-- Exercise inputs follows --

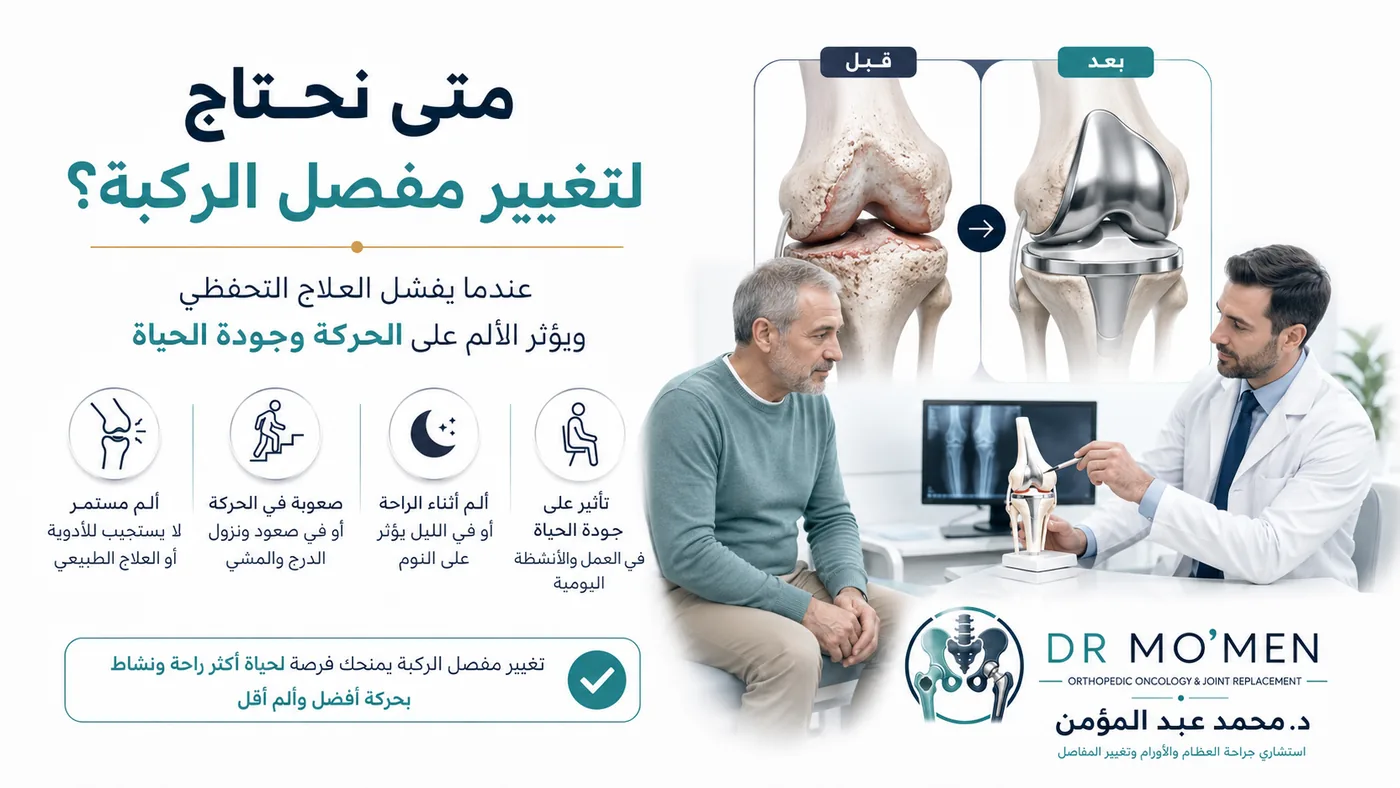 متى يحتاج مريض خشونة الركبة إلى تغيير مفصل الركبة في الخشونة المتقدمة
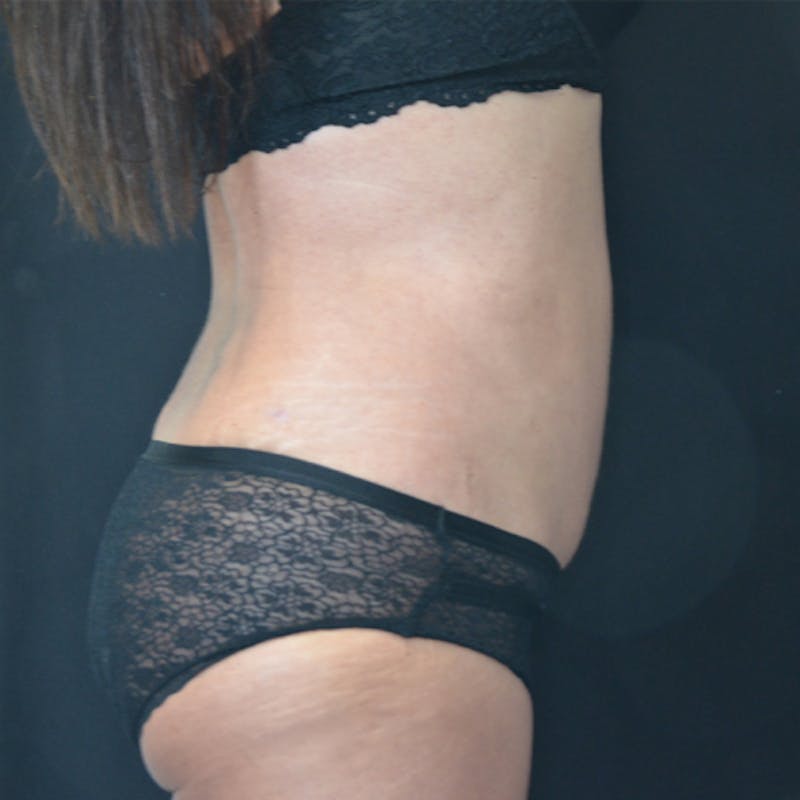 Liposuction Before & After Gallery - Patient 114721121 - Image 6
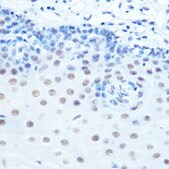 Anti-CDK9 antibody produced in rabbit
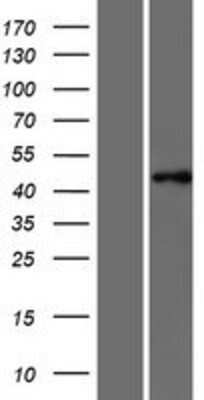 Western Blot: PTAR1 Overexpression Lysate [NBP2-08289]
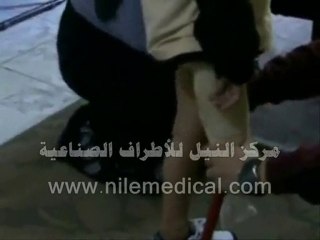 2مركز النيل للاطراف الصناعية والمستلزمات الطبية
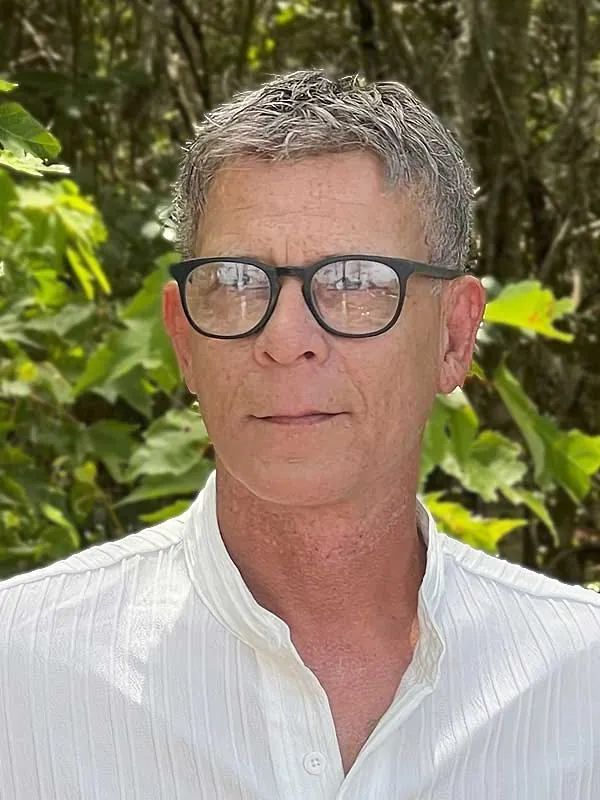 Hair restoration result at National Hair Centers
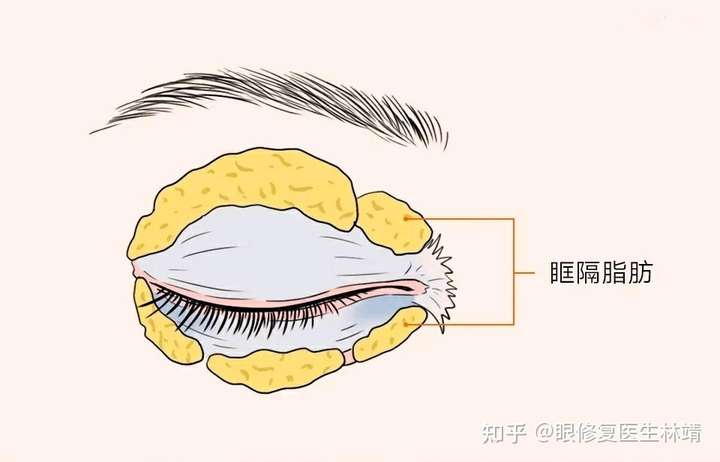 2,肌肉型肿泡眼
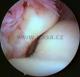 artroskopie loketního loubu - pohled na hlavičku radia (vřetenní kosti)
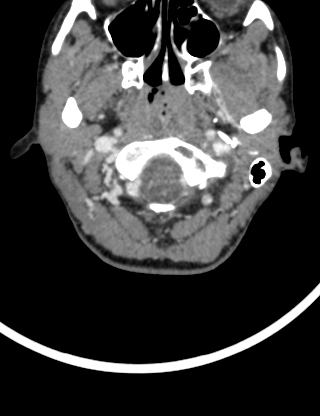 File:Arteriovenous malformation of the neck (Radiopaedia 53935-60062 B 1).jpg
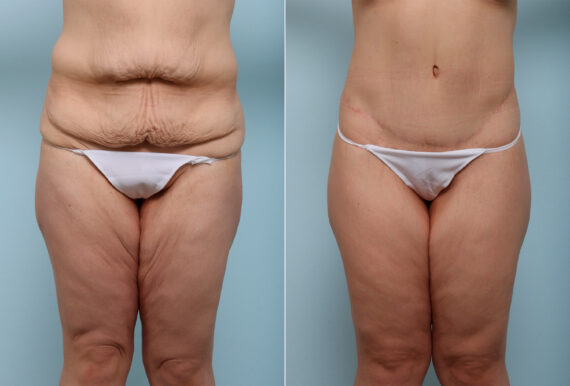 Body Lift before and after photos in Houston, TX, Patient 43529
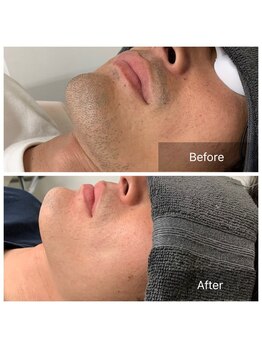 脱毛サロン メンズ 堂々/脱毛ビフォーアフター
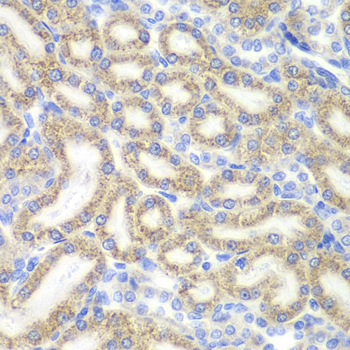 Immunohistochemistry - DAP Polyclonal Antibody 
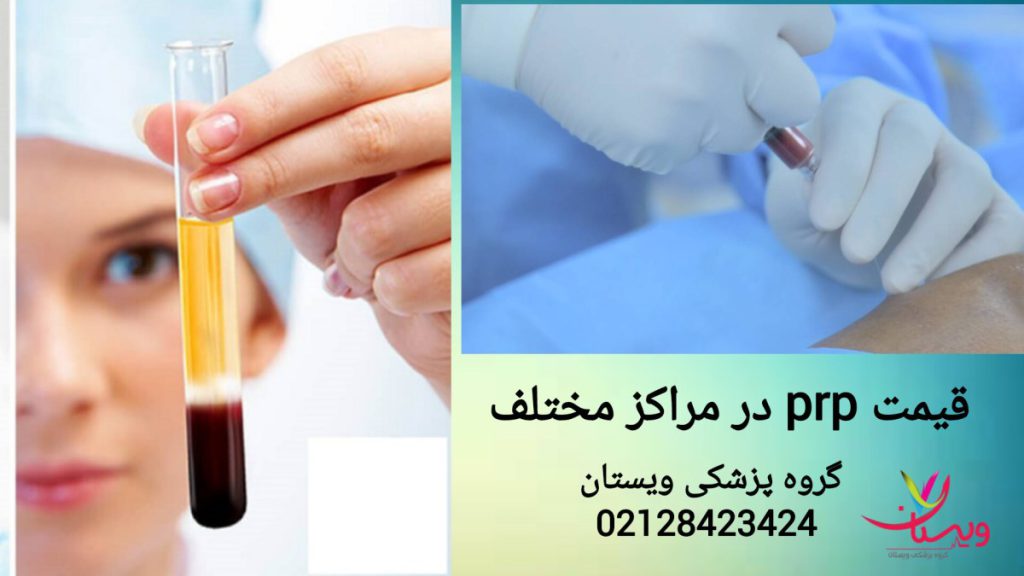 مقایسه هزینه پی آر پی زانو در مراکز مختلف نمایی از هزینه پی آر پی در مراکز مختلف تهران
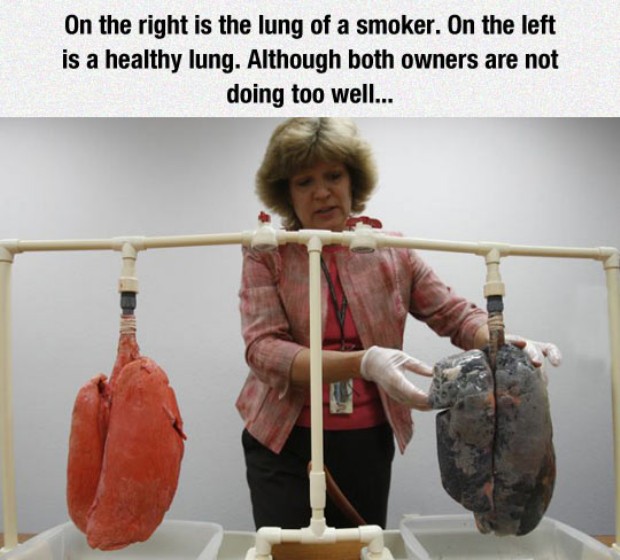 funny smoker - On the right is the lung of a smoker. On the left is a healthy lung. Although both owners are not doing too well...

-- Exercise inputs concluded --

Apart from the pictures, every line of the data above should be given again exactly.

**Your response**
 متى يحتاج مريض خشونة الركبة إلى تغيير مفصل الركبة في الخشونة المتقدمة
 Liposuction Before & After Gallery - Patient 114721121 - Image 6
 Anti-CDK9 antibody produced in rabbit
 Western Blot: PTAR1 Overexpression Lysate [NBP2-08289]
 2مركز النيل للاطراف الصناعية والمستلزمات الطبية
 Hair restoration result at National Hair Centers
 2,肌肉型肿泡眼
 artroskopie loketního loubu - pohled na hlavičku radia (vřetenní kosti)
 File:Arteriovenous malformation of the neck (Radiopaedia 53935-60062 B 1).jpg
 Body Lift before and after photos in Houston, TX, Patient 43529
 脱毛サロン メンズ 堂々/脱毛ビフォーアフター
 Immunohistochemistry - DAP Polyclonal Antibody 
 مقایسه هزینه پی آر پی زانو در مراکز مختلف نمایی از هزینه پی آر پی در مراکز مختلف تهران
 funny smoker - On the right is the lung of a smoker. On the left is a healthy lung. Although both owners are not doing too well...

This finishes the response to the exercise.